En realidad, he esperado más.
No se habló más del asunto. Bajamos del promontorio y subimos al coche.
Beth arrancó el motor, puso el vehículo en marcha, luego paró de nuevo y se inclinó hacia mí, me dio un beso de amigo en la mejilla, arrancó de nuevo y salimos envueltos en una nube de polvo.
Un kilómetro y medio más adelante, estábamos en la carretera central. Tenía un buen sentido de la orientación y llegó a Nassau Point sin mi ayuda.
Vio una estación de servicio abierta y ambos fuimos a lavarnos las manos, como suele decirse. No recordaba la última vez que me había visto tan sucio. Soy bastante elegante en mi trabajo, un dandi de Manhattan que usa trajes a medida. Me sentí de nuevo como un chiquillo, el desharrapado Johnny que hurgaba en los campos funerarios de los indios.
En la estación de servicio compré unos bocadillos auténticamente repugnantes: ternera picada, manteca y ositos azucarados. En el coche le ofrecí uno a Beth, pero no quiso.
– Si te lo comes todo junto -dije-, sabe como un plato tailandés llamado Sandang Phon. Lo descubrí accidentalmente.
– Eso espero.
Circulamos unos minutos. El sabor de aquella combinación era verdaderamente desagradable, pero me moría de hambre y quería eliminar el polvo de mi garganta.
– ¿Qué opinas? -pregunté-. Me refiero al promontorio.
– Creo que me habrían gustado los Gordon -respondió Beth después de reflexionar unos instantes.
– Estoy seguro.
– ¿Estás triste?
– Sí… No éramos amigos íntimos… Los conocía sólo desde hace unos meses, pero eran buenas personas, repletas de vida y alegría. Eran demasiado jóvenes para acabar de ese modo.
Beth asintió.
Cruzamos el istmo hasta Nassau Point. Empezaba a oscurecer..

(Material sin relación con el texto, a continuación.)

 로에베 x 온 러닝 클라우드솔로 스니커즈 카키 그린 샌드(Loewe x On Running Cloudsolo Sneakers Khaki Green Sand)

– La cabeza me dice que ese terreno es lo que parece -declaró Beth-. Un refugio romántico, un lugar realmente suyo. Procedían del Medio Oeste, probablemente de familias de terratenientes, y ahora eran inquilinos en un lugar donde la tierra significa mucho, como en su lugar de origen… ¿no crees?
– Sí.
– Sin embargo…
– Efectivamente. Sin embargo… podían haberse ahorrado veinte mil dólares y alquilar el terreno por cinco años -agregué-. Tenían que ser propietarios del terreno. Piénsalo.
– Lo estoy pensando.
Llegamos a la casa de los Gordon y Beth paró detrás de mi Jeep.
– Ha sido un día agotador -dijo Beth.
– Ven a mi casa. Sígueme.
– No, esta noche me voy a la mía.
– ¿Por qué?
– Ya no hay ninguna razón para seguir aquí veinticuatro horas al día y el condado no paga el motel.
– Pasa antes por mi casa; debo entregarte los impresos del ordenador.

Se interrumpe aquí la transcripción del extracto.